As inspirational and full of literary value as a vamp bordello may be, it still received the royal treatment as the king of quips himself, Dennis Miller, came to alight upon this movie. Miller nails a different type of anti-hero, and he’s actually pretty fun to watch. His dry barrages of intense vocabulary are a welcome oasis in this B-movie wasteland. It’s strange to see Dennis Miller and say, “Hey, he’s my hero!” but I can say that Bordello of Blood would be much less with the traditional stock horror movie protagonist.
Miller investigates the bordello on the behest of Erika Eleniak — better known as “That naked girl who jumped out of a cake for Steven Segal in Under Siege” (yes, that’s a long title, but since she’s already printed up business cards we sort of have to keep it). Poor Corey Feldman is Erika’s brother, becomes a vampire, and wears a skull nose stud. We’d feel sorrier for him, but this was probably the highlight of his year. Oh, how the Goonie has fallen.

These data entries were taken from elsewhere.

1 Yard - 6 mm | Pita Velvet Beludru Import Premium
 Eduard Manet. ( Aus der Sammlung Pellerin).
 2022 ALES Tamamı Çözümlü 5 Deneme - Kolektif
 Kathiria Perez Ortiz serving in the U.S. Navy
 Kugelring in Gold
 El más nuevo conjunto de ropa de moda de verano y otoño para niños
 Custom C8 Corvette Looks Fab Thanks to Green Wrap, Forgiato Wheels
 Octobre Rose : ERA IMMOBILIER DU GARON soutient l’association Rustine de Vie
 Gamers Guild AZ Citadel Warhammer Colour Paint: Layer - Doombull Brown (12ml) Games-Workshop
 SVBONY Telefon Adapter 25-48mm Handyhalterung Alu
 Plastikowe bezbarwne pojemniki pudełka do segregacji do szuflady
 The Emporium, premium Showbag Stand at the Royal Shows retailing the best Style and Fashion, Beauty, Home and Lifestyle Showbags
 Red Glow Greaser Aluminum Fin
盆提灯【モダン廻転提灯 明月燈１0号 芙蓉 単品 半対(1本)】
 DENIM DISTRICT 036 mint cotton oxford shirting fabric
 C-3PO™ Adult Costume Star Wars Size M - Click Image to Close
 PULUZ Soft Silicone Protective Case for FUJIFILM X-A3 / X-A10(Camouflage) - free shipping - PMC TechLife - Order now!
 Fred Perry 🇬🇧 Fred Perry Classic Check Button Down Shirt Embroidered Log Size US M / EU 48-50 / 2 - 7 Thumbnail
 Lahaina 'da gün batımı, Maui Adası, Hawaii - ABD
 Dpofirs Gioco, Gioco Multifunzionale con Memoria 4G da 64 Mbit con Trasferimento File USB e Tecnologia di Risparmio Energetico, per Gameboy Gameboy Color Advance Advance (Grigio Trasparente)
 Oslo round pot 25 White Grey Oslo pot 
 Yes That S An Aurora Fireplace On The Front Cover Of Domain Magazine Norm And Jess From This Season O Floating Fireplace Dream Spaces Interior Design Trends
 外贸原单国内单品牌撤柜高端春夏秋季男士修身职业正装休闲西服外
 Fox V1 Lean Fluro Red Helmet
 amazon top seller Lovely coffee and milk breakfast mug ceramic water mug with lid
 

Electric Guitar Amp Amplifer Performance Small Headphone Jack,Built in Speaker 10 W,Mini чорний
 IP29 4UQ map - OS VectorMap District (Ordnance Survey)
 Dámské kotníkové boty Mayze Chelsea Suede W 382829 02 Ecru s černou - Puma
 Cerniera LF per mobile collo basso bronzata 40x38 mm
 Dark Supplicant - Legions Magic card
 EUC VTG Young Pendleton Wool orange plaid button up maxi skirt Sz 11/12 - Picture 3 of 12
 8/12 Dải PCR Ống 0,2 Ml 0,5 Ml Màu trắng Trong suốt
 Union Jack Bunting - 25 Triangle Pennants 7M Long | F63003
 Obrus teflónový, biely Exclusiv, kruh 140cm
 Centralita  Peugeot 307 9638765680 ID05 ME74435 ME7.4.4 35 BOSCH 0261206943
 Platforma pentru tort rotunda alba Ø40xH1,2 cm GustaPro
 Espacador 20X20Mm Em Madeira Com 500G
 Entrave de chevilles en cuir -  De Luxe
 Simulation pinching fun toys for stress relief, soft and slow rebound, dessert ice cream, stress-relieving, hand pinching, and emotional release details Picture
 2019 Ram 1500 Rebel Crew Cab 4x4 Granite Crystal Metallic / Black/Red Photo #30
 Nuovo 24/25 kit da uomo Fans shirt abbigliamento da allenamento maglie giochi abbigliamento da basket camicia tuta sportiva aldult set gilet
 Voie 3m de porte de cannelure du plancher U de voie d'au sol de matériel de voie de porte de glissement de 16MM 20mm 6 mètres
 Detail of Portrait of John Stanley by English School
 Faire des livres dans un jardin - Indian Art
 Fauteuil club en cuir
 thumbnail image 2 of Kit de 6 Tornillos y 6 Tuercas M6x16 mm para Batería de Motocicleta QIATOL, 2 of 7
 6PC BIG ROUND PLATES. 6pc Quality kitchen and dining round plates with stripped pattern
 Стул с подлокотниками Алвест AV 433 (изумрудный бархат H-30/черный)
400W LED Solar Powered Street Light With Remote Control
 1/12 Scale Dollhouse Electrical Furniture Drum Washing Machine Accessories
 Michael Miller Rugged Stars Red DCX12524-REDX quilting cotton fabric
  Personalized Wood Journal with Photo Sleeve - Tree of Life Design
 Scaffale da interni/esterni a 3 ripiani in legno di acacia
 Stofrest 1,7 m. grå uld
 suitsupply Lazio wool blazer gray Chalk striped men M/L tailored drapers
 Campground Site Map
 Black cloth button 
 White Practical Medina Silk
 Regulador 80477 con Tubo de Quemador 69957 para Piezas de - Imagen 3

Like one of those basement museums runs by a guy named Phil, Bordello of Blood has a handful of oddities to make the rest of this gory sludge worth the pickings. For instance, they have a scene that’s there for nothing more than to show a creepy coroner playing “choo choo train” on a dead girl’s stomach. Plus, Dennis Miller probably worked out any childhood issues by using a holy water-filled supersoaker to burn hundreds of vampire hookers. And where else are you going to get that? Huh? Your local junior high talent show? Well, not unless they’re very creative.
So, perfect for that post-Thanksgiving dinner with the whole family, Bordello of Blood is that film we’ve been waiting for to draw us closer together.